> _TASK STATEMENT_
Begin your copy at the line with "Beachfront Avia Nest - Aspa's Getaway" in the records below and end it at the line with "BMW 3 E46 Dashboard", restating each line word for word; omit the pictures.

> _ENTRIES PROVIDED_
-- Opening Marker --

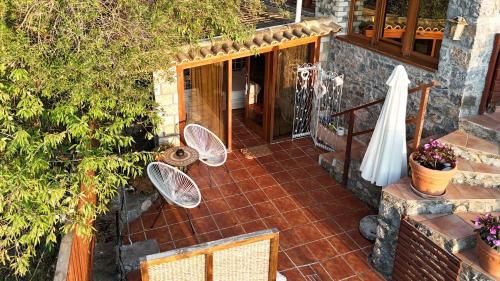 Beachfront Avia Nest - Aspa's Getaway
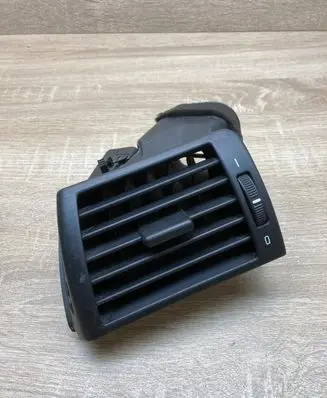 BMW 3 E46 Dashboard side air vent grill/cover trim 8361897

-- Closing Marker --
-- Opening Marker --

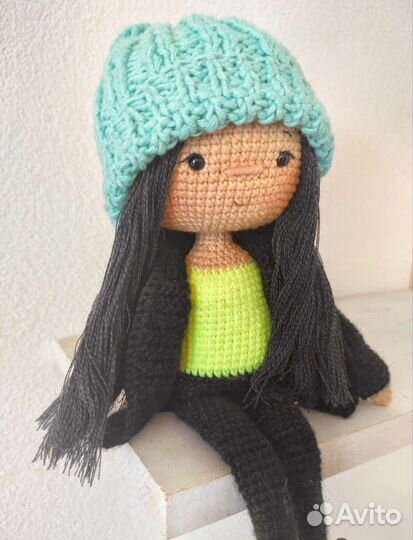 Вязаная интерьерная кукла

-- Closing Marker --

> _RESPONSE AREA_
 Beachfront Avia Nest - Aspa's Getaway
 BMW 3 E46 Dashboard side air vent grill/cover trim 8361897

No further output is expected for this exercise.